Instructions for the task: Print each record exactly as it appears, but drop the images.

Extracted records:
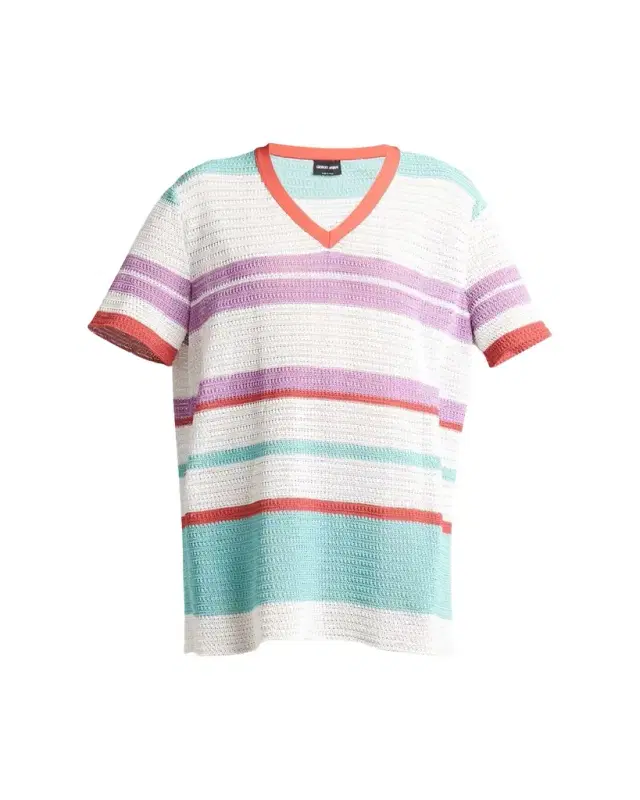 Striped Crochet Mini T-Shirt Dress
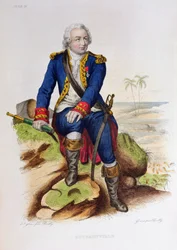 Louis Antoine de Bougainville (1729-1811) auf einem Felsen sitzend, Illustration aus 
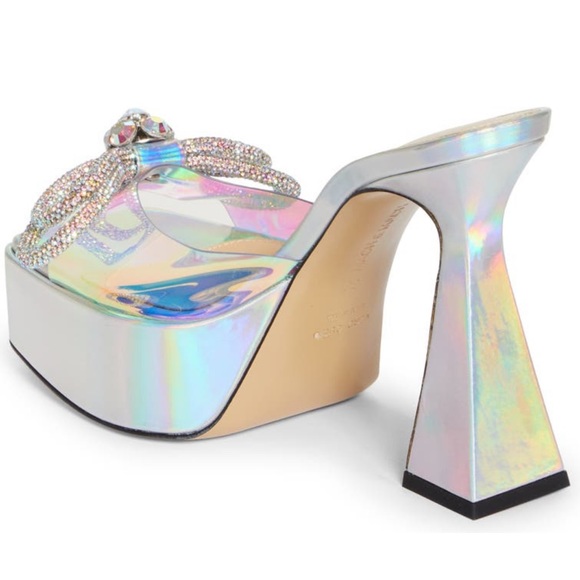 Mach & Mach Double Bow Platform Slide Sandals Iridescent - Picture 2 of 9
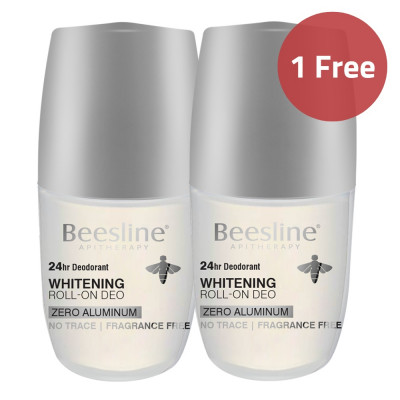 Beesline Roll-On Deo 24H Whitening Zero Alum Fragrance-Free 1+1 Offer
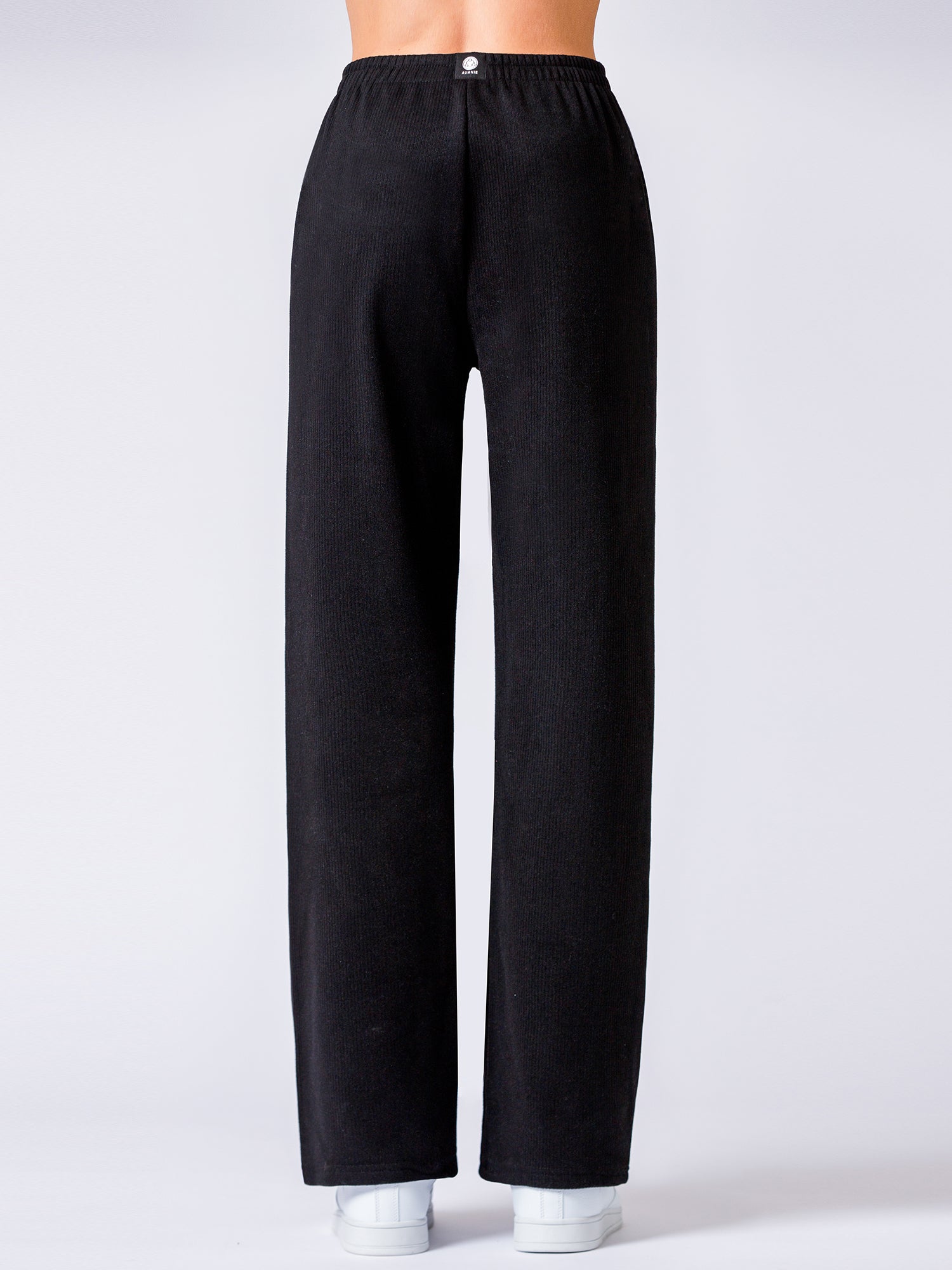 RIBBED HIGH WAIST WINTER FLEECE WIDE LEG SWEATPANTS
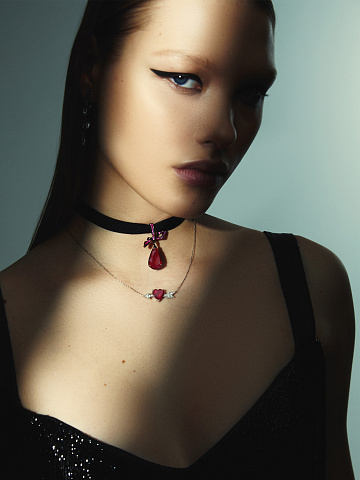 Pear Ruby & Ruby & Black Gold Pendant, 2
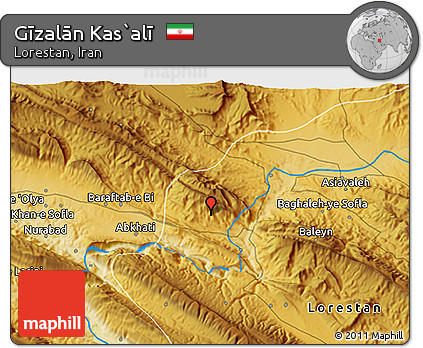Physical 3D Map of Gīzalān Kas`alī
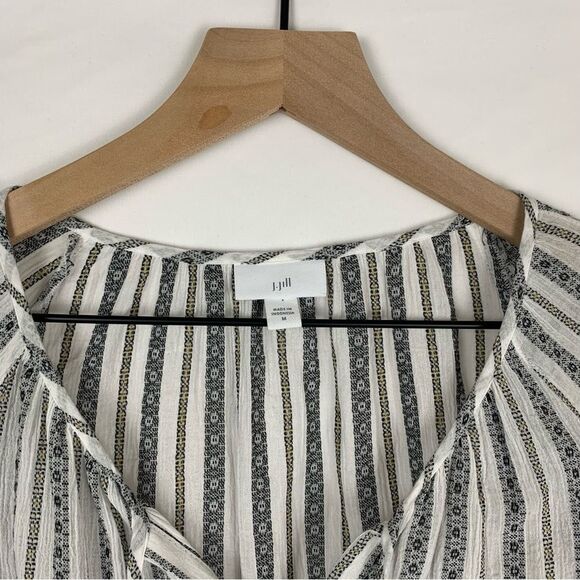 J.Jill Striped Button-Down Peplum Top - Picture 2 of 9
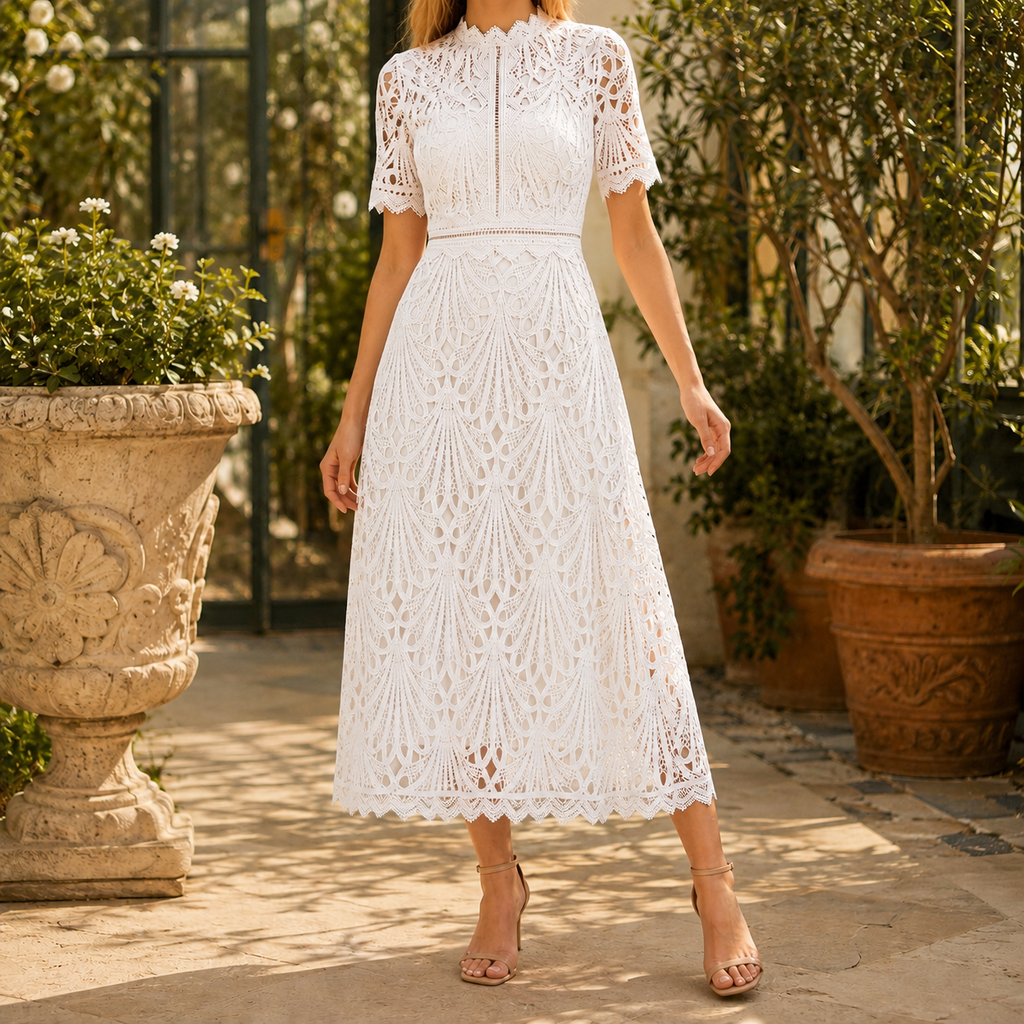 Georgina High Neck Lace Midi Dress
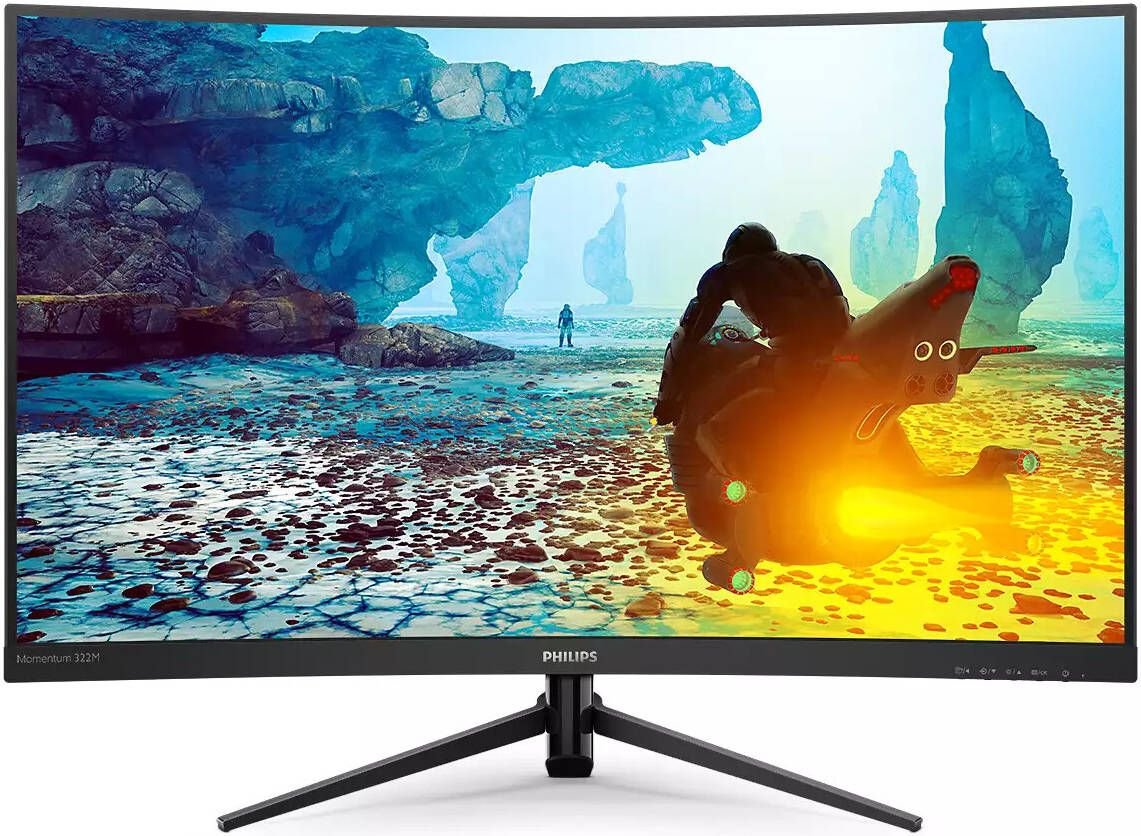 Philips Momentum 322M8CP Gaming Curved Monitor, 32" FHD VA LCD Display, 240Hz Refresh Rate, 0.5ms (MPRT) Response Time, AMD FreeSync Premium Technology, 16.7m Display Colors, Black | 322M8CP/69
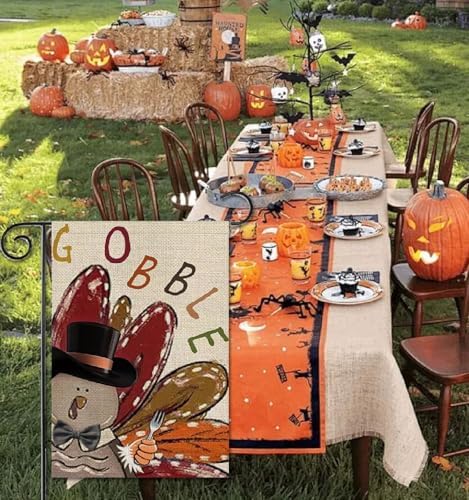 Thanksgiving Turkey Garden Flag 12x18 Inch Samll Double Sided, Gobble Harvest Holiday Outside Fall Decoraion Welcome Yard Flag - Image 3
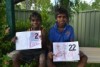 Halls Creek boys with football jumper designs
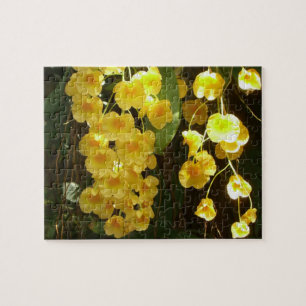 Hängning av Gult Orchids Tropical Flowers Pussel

Exercise answer:
 Striped Crochet Mini T-Shirt Dress
 Louis Antoine de Bougainville (1729-1811) auf einem Felsen sitzend, Illustration aus 
 Mach & Mach Double Bow Platform Slide Sandals Iridescent - Picture 2 of 9
 Beesline Roll-On Deo 24H Whitening Zero Alum Fragrance-Free 1+1 Offer
 RIBBED HIGH WAIST WINTER FLEECE WIDE LEG SWEATPANTS
 Pear Ruby & Ruby & Black Gold Pendant, 2
Physical 3D Map of Gīzalān Kas`alī
 J.Jill Striped Button-Down Peplum Top - Picture 2 of 9
 Georgina High Neck Lace Midi Dress
 Philips Momentum 322M8CP Gaming Curved Monitor, 32" FHD VA LCD Display, 240Hz Refresh Rate, 0.5ms (MPRT) Response Time, AMD FreeSync Premium Technology, 16.7m Display Colors, Black | 322M8CP/69
 Thanksgiving Turkey Garden Flag 12x18 Inch Samll Double Sided, Gobble Harvest Holiday Outside Fall Decoraion Welcome Yard Flag - Image 3
 Halls Creek boys with football jumper designs
 Hängning av Gult Orchids Tropical Flowers Pussel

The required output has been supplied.